BUCKSPORT, Maine — Town councilors want to see what it will cost to repair a town pool so leaky that police investigated what looked like bullet holes in its lining.
The 1950s-vintage Tim Emery Municipal Swimming Pool was shut down for the summer because it leaked about 600,000 gallons of water when town workers earlier this month began preparing it for what was supposed to be its opening day, on Monday, June 24.
YMCA Operations Director Nick Tymoczko, whose organization manages the 300,000-gallon pool for the town, said that police were called in last week to look into what appeared to be bullet holes in the pool’s lining. They soon determined that the holes were actually rebar that had sunk into the pool’s increasingly weakening concrete – a troubling sign that it could collapse and become a sinkhole.
“We could lose kids in that situation. There would be a potential of [swimmers] being stuck,” Tymoczko said, calling the possibility “terrifying.”
A gift from St. Regis Paper Co. when it owned the now-defunct paper mill in town, the pool at 55 Broadway normally hosts more than 200 people a day if the weather is good, making its loss a blow to area families.
Councilors seemed to agree that the town needs a pool. They voted 7-0 on Thursday night to have Town Manager Susan Lessard seek requests for proposals for its repair.
Councilors batted around the idea of building an indoor pool, but seemed to reject it as cost-prohibitive and redundant, with indoor YMCA pools already in Bangor, Belfast and under construction in Blue Hill.
An indoor pool would likely cost about $400,000 a year to run, Lessard said, citing her experience in another town in the 1990s.

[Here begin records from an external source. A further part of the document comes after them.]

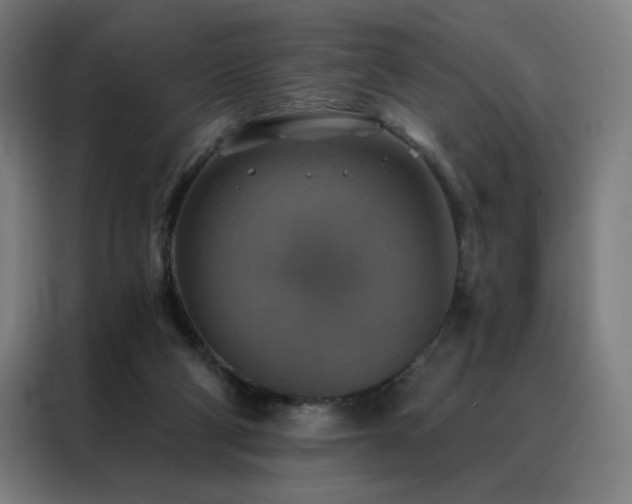 X0000088390114200705221122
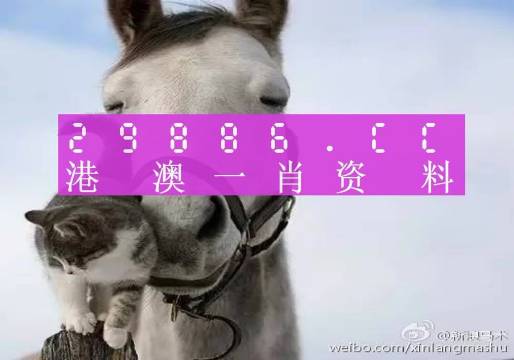 揭秘劉伯溫四肖選一碼的意思——探尋背后的故事與真相，揭秘劉伯溫四肖選一碼背后的真相與故事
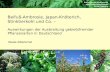 Beate Alberternst Beifuß-Ambrosie, Japan-Knöterich, Stinktierkohl und Co. – Auswirkungen der Ausbreitung gebietsfremder Pflanzenarten in Deutschland Projektgruppe.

“I would vote today to spend $200,000 of the rainy day fund to start construction now on rebuilding that pool at the same size or slightly bigger,” Councilor Paul Gauvin said. “I am in favor of rebuilding it where it sits because where it sits is vital.”
The pool is in a residential neighborhood between G.H. Jewett Elementary and Bucksport High schools near the center of town.
“I am totally in favor of doing something,” Councilor Robert Carmichael Jr. said, “but we need some form of estimate for replacing it as is and some numbers on an indoor pool – what it would cost to run it, or build it.”
It was clear that the pool’s repair would cost at least $100,000.
Lessard said she expects to have proposals from contractors at the council’s July 25 meeting.
In the meantime, workers at the Bucksport YMCA will welcome swimmers and offer swimming lessons at Craig Pond in Orland starting July 1, Tymoczko said.
Lifeguards will be on duty for their usual hours. Those who do not wish to take lessons at Craig Pond can go to Down East YMCA in Ellsworth, the Bucksport YMCA’s parent organization, he said.